Creative, with the Sound Blaster Roar, manages to pack a lot of features in a bluetooth speaker. It can be used as a USB speaker on a PC and can double as a battery pack for your phone. Performance is top notch as well, as it performs neck and neck with the Bose SoundLink Mini. The Sound Blaster Roar is easy to recommend.
Now that we’ve got that out of the way, let’s start with a more detailed explanation to make up the rest of this review. First up if you’ll direct your attention to the scores, you’ll notice that out of all our scoring parameters – Features, Performance, Value etc, the Roar scores most on the features front, and hence that would be the perfect place to begin.
The Roar packs in features – both useful and superfluous – to the hilt. In fact, we haven’t seen a competing product that has such a huge laundry list of features. Some of its more impressive features are: the ability to be recognised as a USB speaker on a PC, a 5V 1 A USB out to charge your smartphone thereby doubling up as a portable battery pack, and of course NFC. Other features include microSD card playback for WMA, MP3 and WAV files, an integrated voice recorder that’ll record your calls and audio to the microSD, bass-boost, a one touch loudness amping, and a siren. Phew! There are a few more but we’re running out of space, instead lets talk about the design and build quality. The Roar is essentially a rectangular slab and conventionally one would imagine there isn’t much that can be done aesthetically with a monolithic structure like that. The product designers have still managed to put in some eye candy with its machined grille and ample chroming on the sides. The speaker feels well built and though it doesn’t come with any all-weather certification, it does seem like it could take a beating and a few splashes.
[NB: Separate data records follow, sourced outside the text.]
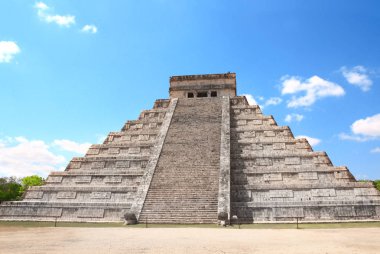 Antik Maya piramit (Kukulcan Tapınağı), Chichen Itza, Yucatan, 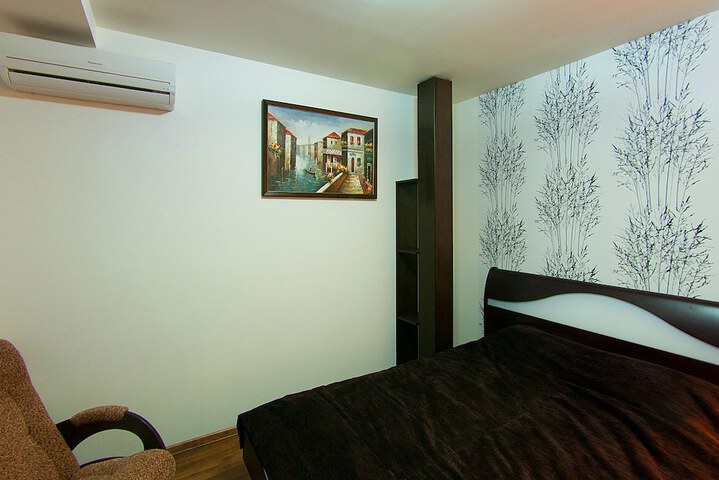 Room 26 of 61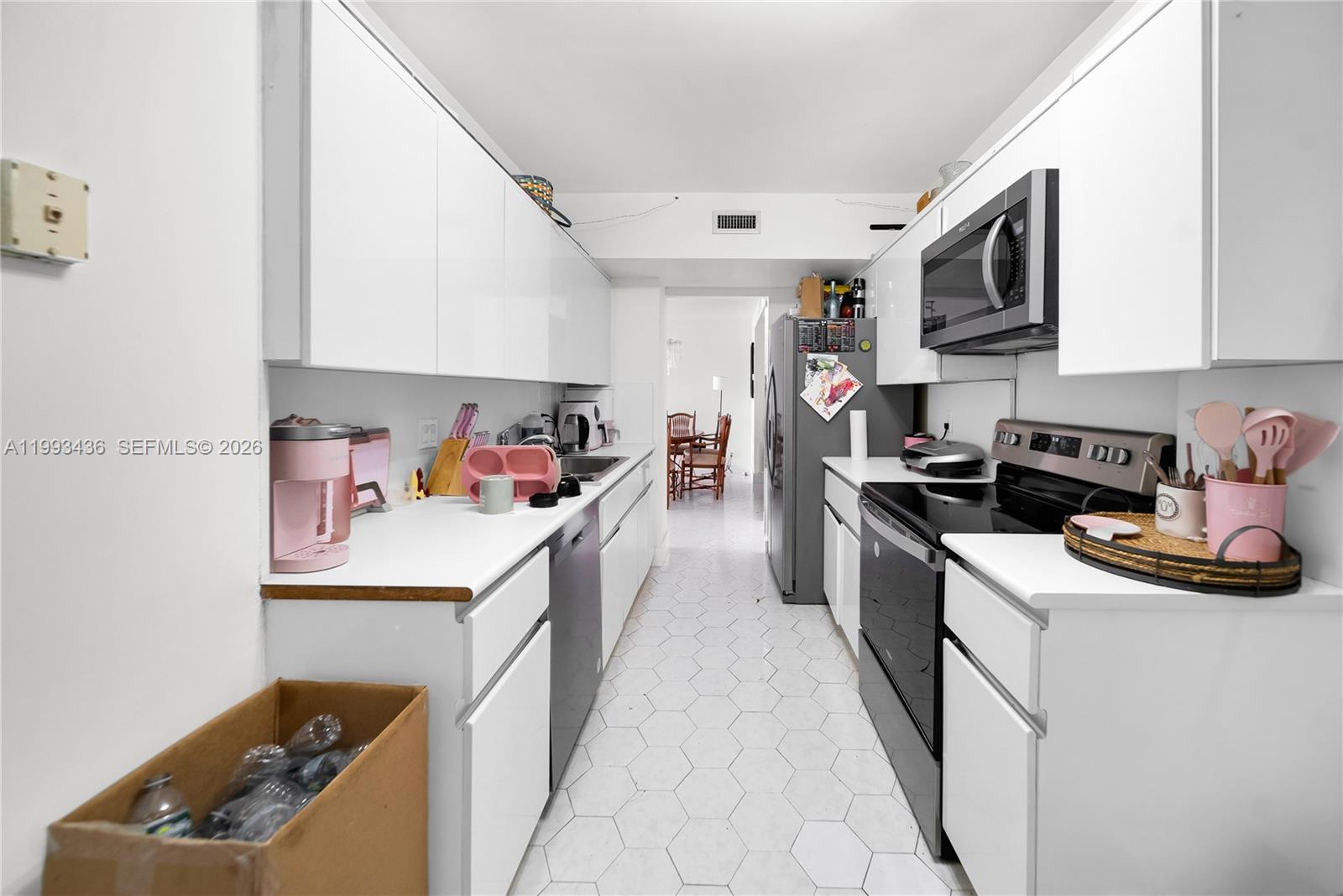 HILLCREST EAST NO 25 COND - Residential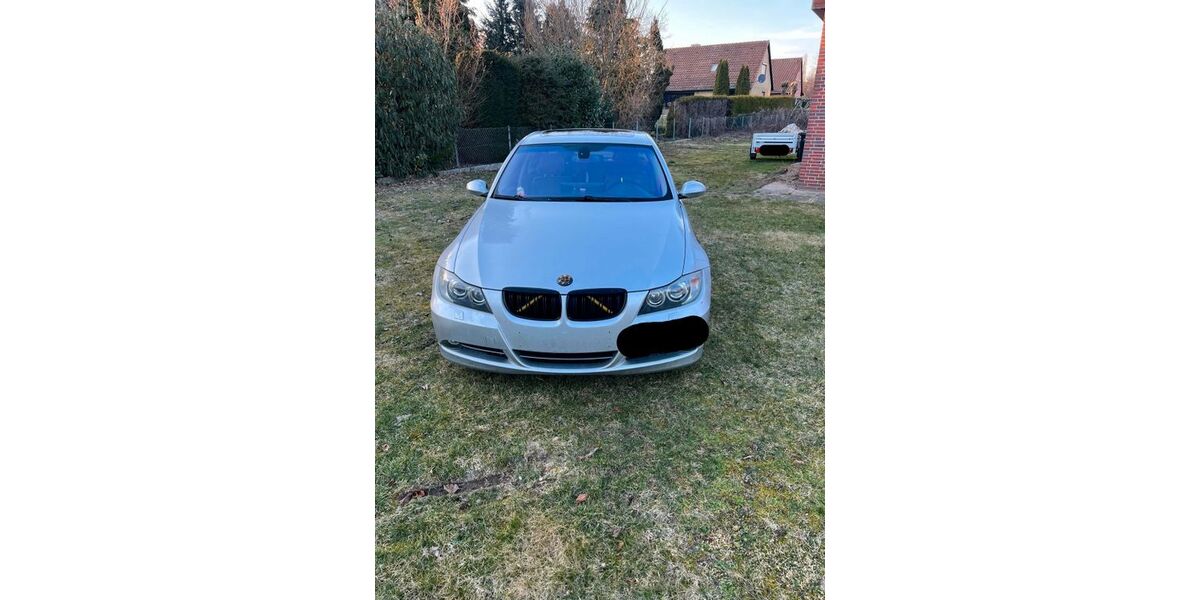 BMW 330 333.454 km 3.800 &euro; Oetzen 29588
On the tech front, the Creative Sound Blaster Roar has managed to pack in some interesting innovations with its audio circuitry. For starters the bass driver and two tweeters are independently amped. In addition to these two sets of active drivers you also have a pair of side-firing passive radiators. The Roar’s performance is neck and neck with the Soundlink mini. The highs are clearly better on the Roar and even percussion heavy tracks such as Brutal Hearts by Bedouin Soundclash sound better. The Bose, however, does manage to produce tighter bass, not that it goes any lower than the Roar. The mids too are slightly more enhanced on the Bose making it sound warmer in comparison to the Roar. The Roar on the other hand tends to tilt towards a “bright” sound signature. One good thing about the Roar is that the crossover unit doesn’t overdrive or distort any of the drivers – that much is expected for a speaker of this quality, but often is an unintentional oversight by manufacturers in order to push more decibel levels out of speakers. The Roar then isn’t unnecessarily loud, which is good, but at the same time the mantle of being deceptively loud still remains with the Bose SoundLink Mini. Speaking of which, the only thing that goes against it is its heft. The Roar is roughly twice as big as the Bose Soundlink Mini, but only a little louder in the bargain.
Now for the million dollar question (or rather Rs. 15,000 question), should you buy the Sound Blaster Roar? Most certainly yes, even if you have to stretch your budget a little.